Data to process Start Marker

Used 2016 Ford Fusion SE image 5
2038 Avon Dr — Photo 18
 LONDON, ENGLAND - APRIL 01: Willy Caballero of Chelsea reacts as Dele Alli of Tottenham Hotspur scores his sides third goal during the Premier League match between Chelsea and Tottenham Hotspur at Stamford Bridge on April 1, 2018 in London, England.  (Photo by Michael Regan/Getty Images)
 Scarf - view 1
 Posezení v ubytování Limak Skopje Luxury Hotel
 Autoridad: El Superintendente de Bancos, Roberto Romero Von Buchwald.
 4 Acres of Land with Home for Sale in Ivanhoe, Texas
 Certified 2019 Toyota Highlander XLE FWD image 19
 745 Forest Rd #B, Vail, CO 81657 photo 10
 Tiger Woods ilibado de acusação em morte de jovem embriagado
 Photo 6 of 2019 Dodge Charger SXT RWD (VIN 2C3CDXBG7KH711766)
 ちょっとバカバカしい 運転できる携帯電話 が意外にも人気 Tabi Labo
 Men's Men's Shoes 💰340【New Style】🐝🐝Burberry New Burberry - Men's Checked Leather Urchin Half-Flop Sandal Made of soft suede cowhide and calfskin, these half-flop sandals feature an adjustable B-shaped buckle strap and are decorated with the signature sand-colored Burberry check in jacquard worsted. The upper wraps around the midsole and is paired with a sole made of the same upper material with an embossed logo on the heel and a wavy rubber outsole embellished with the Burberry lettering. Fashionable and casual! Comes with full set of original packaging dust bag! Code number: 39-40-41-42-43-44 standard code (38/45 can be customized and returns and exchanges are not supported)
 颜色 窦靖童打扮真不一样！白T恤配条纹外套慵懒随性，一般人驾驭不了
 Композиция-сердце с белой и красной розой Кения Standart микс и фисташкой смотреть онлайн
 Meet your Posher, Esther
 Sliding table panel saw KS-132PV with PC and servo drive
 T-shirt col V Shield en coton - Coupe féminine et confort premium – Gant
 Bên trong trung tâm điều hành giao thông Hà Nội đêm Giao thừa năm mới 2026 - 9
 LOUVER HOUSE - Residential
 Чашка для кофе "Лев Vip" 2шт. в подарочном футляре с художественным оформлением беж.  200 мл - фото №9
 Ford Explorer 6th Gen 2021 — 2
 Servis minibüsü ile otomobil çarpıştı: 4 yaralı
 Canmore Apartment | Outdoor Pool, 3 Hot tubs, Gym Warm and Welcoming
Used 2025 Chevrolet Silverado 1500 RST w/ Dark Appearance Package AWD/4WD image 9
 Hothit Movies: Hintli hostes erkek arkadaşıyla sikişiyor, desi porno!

Data to process End Marker

- [Exercise]
Retype only the stretch of lines above starting at the one with "Композиция-сердце с белой" and stopping at the one with "T-shirt col V", exactly as written, with both kept.

- [Result of the task]
 Композиция-сердце с белой и красной розой Кения Standart микс и фисташкой смотреть онлайн
 Meet your Posher, Esther
 Sliding table panel saw KS-132PV with PC and servo drive
 T-shirt col V Shield en coton - Coupe féminine et confort premium – Gant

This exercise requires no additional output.